Anyways, if you configure the WiFi+router infra at each shore station to resolve a particular http://something.local/ url to your WebDev API, the vessels no longer need to care at connection time which shore station it is. Identities and further security can be established within the API, instead of relying on the gateway network to "figure it out" (which it probably won't).

Thank you very much for all your answers, suggestions with WebDev module and MQTT, and for the clarification on what the gateway network is designed for.

We are currently considering multiple different options both on software and hardware side, and one of them is also using 5G/4G (via VPN) instead of WiFi so that we can manage to keep connection with the shore station for a greater/full range. But there could of course still be situations where the vessel loose connection (e.g. away for service etc.).
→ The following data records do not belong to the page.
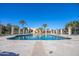 Large community pool with a clear blue water, set against a sunny blue sky at 943 E Kortsen Rd # 2, Casa Grande, AZ 85122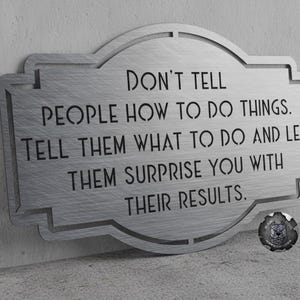 May include: A brushed silver metal wall sign with a decorative border featuring the cut-out text: DON'T TELL PEOPLE HOW TO DO THINGS. TELL THEM WHAT TO DO AND LET THEM SURPRISE YOU WITH THEIR RESULTS. A small circular logo is in the bottom right corner.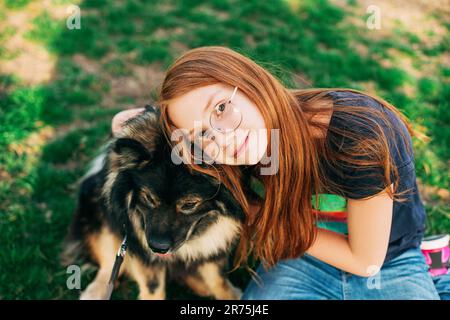 Outdoor portrait of cute red-hired kid girl hugging her dog Finnish Lapphund Stock Photo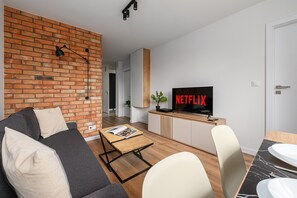 Un salon moderne avec un mur en briques, un canapé, une table basse, un téléviseur affichant le logo « NETFLIX », et un coin repas agrémenté d’une plante.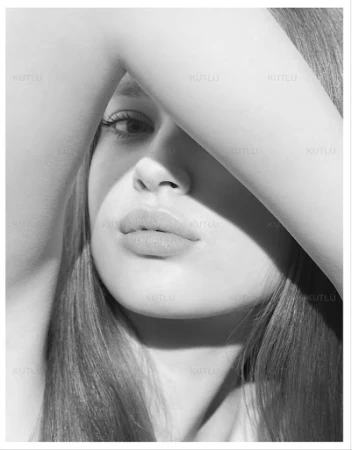 Monochrome portrait of a woman with her arm raised across her face, casting sharp diagonal shadows across her features.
If the gateway network were still used despite potential for unstable connection, and connection was lost for a period of time. Could this affect the vessels system (if so, in what way), or would any potential consequences of this only be for the shore station system / loss of functionality for that part on the vessel?
Understanding this for us would also be useful with regards to the more normal edge panels, since also these are connected via gateway network. And while under normal conditions it should not loose network connection, it could, and it would be good to know potential consequences of failure. My past impression was that this (for edge) could loose connection for up to 7 days without loosing history.

I will also take your suggestion regarding contacting sales to get some discussion going via that channel as well.